Today, in our community in South Atlanta, my family is, without exception, the minority.

I grew up accustomed to being on top. I have learned this is  “white privilege, from my brothers and sisters of color:  When someone with a whiter complexion shows up to a meeting, it typically means the whiter person takes charge.

So how does this work for this particular white male and his family, who recently moved into a predominantly African American neighborhood?

I have asked my indigenous neighbors in South Atlanta this question. Their responses have been refreshing and enlightening.

Some of our neighbors, particularly those grew up in the community, say, “There goes the neighborhood” when white people move in.
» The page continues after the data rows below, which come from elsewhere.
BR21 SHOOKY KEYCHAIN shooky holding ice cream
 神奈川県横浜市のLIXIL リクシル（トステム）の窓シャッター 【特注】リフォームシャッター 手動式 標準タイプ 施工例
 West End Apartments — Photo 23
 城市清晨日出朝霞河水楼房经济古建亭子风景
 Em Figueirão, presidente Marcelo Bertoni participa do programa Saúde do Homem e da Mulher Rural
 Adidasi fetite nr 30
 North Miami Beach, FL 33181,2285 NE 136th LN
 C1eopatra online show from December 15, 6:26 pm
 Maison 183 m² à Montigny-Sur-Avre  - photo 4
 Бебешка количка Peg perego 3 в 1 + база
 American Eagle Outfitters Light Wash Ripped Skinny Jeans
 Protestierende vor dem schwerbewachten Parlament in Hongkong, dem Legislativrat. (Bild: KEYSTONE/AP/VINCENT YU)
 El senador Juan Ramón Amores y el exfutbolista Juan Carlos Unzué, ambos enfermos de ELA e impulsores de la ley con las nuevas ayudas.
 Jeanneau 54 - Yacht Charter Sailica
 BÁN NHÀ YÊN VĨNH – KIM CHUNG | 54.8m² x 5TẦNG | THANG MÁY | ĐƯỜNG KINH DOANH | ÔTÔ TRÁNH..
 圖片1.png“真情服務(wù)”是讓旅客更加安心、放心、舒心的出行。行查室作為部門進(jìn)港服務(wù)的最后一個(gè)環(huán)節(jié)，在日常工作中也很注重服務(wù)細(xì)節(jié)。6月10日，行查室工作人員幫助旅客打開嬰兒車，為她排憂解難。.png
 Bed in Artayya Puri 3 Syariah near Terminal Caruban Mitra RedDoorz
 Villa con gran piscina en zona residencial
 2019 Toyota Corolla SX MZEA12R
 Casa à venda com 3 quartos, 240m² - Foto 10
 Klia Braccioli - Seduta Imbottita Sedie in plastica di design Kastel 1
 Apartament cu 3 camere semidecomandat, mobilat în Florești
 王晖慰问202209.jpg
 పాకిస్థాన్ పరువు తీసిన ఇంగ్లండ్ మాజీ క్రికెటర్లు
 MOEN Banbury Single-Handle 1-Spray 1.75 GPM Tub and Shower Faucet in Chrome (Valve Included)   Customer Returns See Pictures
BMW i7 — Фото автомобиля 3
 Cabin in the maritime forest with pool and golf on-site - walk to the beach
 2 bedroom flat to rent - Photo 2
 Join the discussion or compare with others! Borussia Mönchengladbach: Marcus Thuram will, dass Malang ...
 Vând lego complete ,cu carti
Others are excited and are thrilled when white people move in. They welcome the arrival as an injection of new life.

People ask me how I respond. I reply, “I learn, listen and join.”

When you pursue inter-cultural relationships, you must be eager to learn, to glean life experiences from the people who have lived in the community before you. When you learn, you are humbled. Upon asking one African American leader in our community what leaders of color seek, she replied with one word: respect. When you are willing to learn, you communicate respect to those who have gone before you.

It is equally important to listen. When you listen, you communicate (show) that you don’t know what’s best. Listening means you are not there to force your dominant culture on others. Listening means you are authentic. My friends in our neighborhood can immediately spot who is authentic and who is not. They know who is there to “help,” who is there in friendship. You see, my friends hate being “helped.” If someone is there only to help, this person insults and demeans my neighbors.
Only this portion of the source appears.